++++ Supplied material

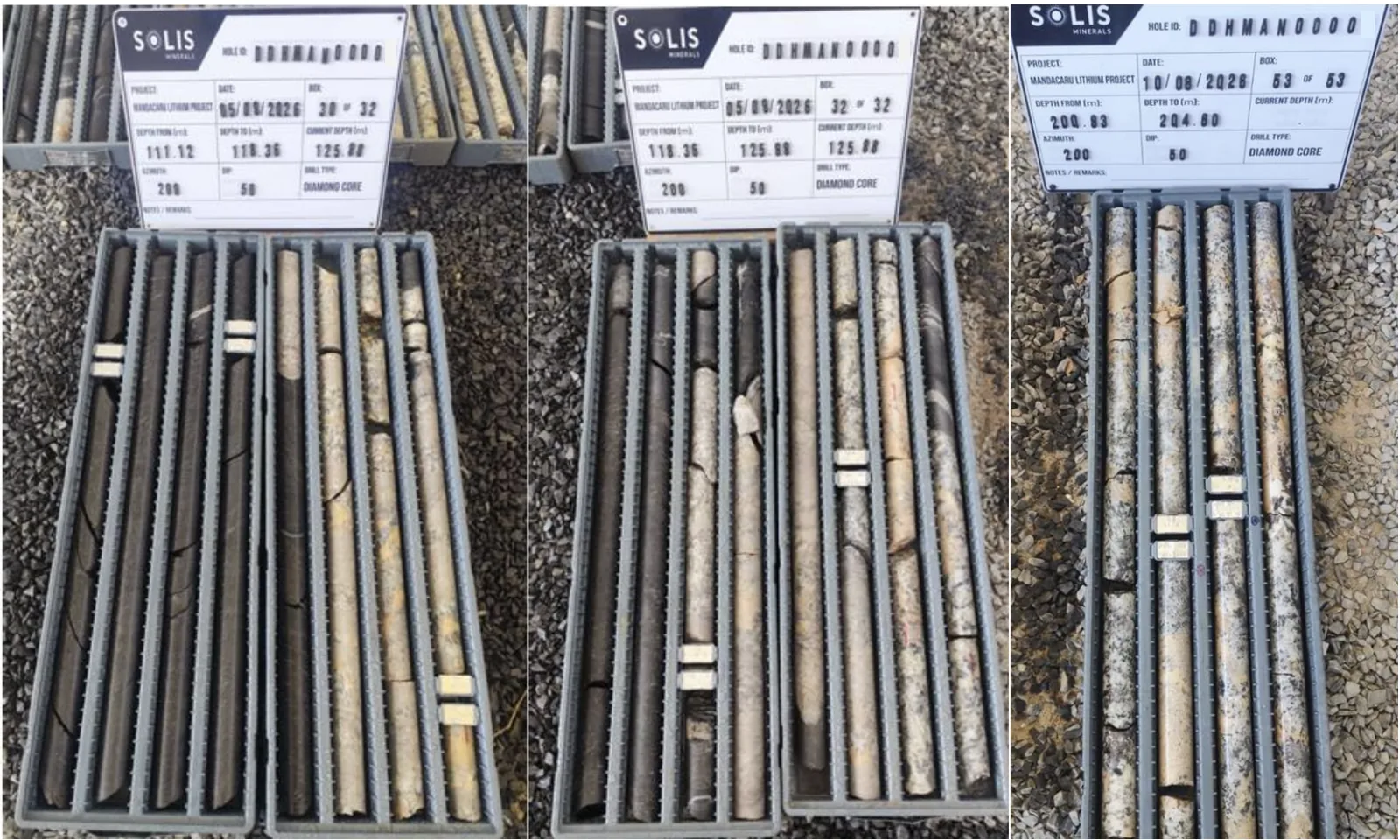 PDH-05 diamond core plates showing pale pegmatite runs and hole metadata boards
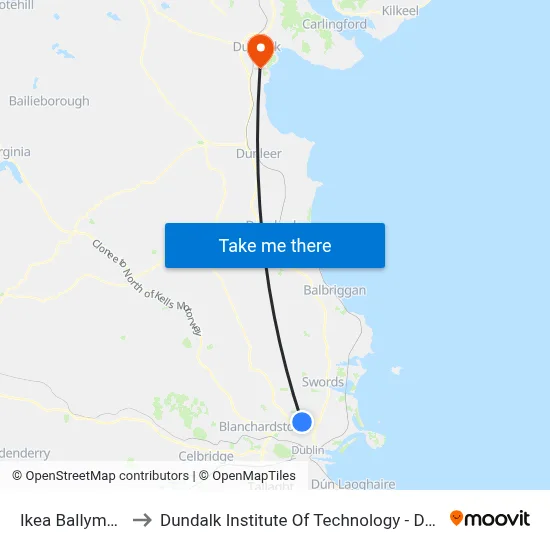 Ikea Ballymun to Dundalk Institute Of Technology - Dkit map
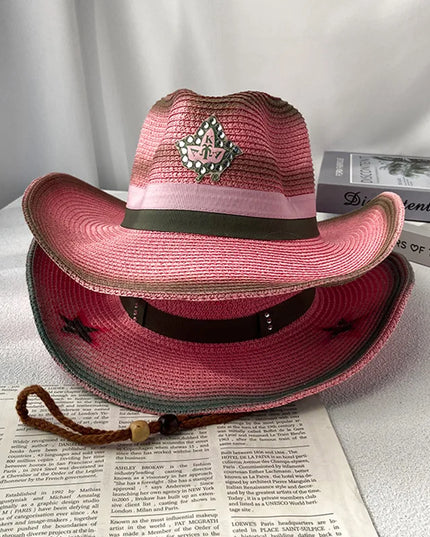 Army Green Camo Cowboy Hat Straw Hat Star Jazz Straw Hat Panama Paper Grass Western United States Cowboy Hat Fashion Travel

++++++++

Inclusive range, exact copy: the line containing "Ikea Ballymun to" through the last line of the listing. Print nothing else, and no pictures.

 Ikea Ballymun to Dundalk Institute Of Technology - Dkit map
 Army Green Camo Cowboy Hat Straw Hat Star Jazz Straw Hat Panama Paper Grass Western United States Cowboy Hat Fashion Travel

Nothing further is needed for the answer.